Supplied data START
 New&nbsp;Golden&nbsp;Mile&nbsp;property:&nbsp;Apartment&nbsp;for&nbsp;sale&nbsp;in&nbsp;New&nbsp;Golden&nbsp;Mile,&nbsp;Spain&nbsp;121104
Supplied data END
Supplied data START
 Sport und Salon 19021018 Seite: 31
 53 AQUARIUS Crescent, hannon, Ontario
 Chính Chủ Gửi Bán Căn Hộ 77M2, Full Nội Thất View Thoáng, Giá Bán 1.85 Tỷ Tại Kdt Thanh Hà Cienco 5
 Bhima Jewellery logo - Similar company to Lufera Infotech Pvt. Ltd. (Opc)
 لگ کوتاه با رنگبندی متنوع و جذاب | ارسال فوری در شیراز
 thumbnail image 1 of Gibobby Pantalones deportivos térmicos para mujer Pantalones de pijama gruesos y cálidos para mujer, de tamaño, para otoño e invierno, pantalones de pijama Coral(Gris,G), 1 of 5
Supplied data END
Supplied data START
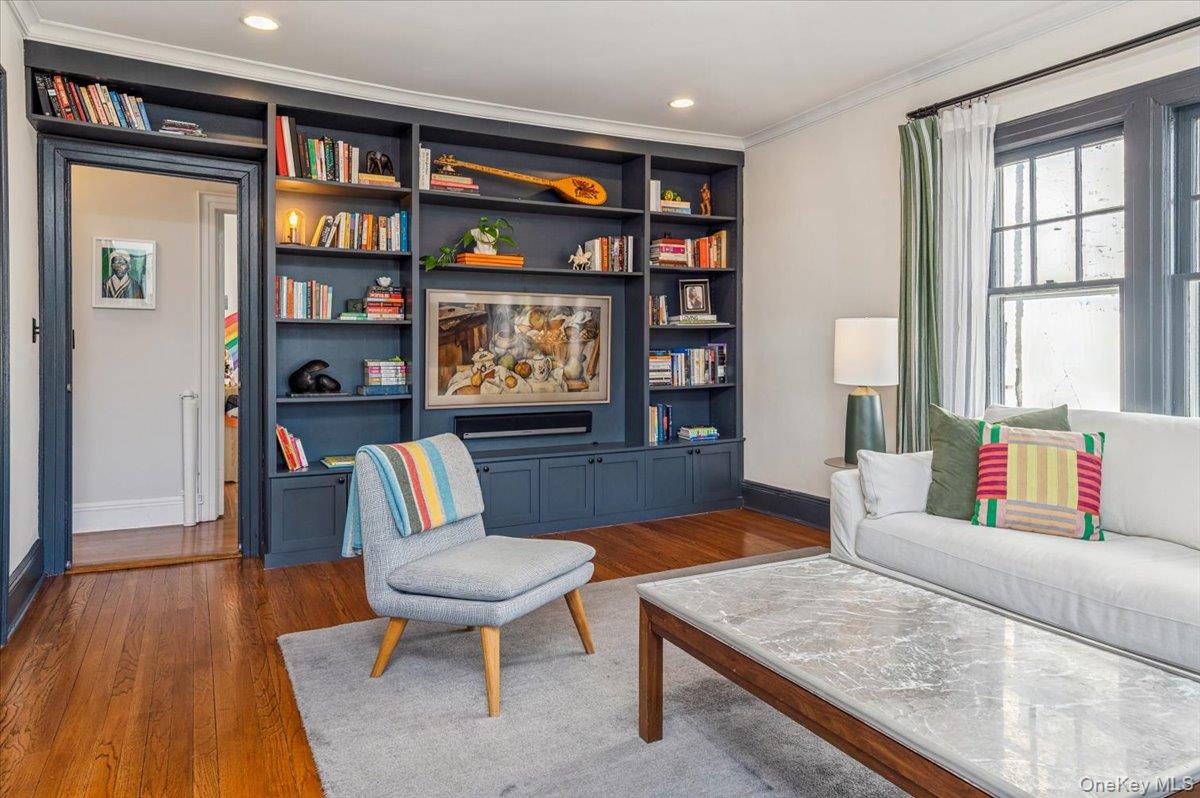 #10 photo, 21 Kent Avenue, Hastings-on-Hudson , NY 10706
Supplied data END
## Your instructions
Of the lines above, retype only those from the line containing "Chính Chủ Gửi" through the line containing "thumbnail image 1", including both, exactly.

## Answer space
 Chính Chủ Gửi Bán Căn Hộ 77M2, Full Nội Thất View Thoáng, Giá Bán 1.85 Tỷ Tại Kdt Thanh Hà Cienco 5
 Bhima Jewellery logo - Similar company to Lufera Infotech Pvt. Ltd. (Opc)
 لگ کوتاه با رنگبندی متنوع و جذاب | ارسال فوری در شیراز
 thumbnail image 1 of Gibobby Pantalones deportivos térmicos para mujer Pantalones de pijama gruesos y cálidos para mujer, de tamaño, para otoño e invierno, pantalones de pijama Coral(Gris,G), 1 of 5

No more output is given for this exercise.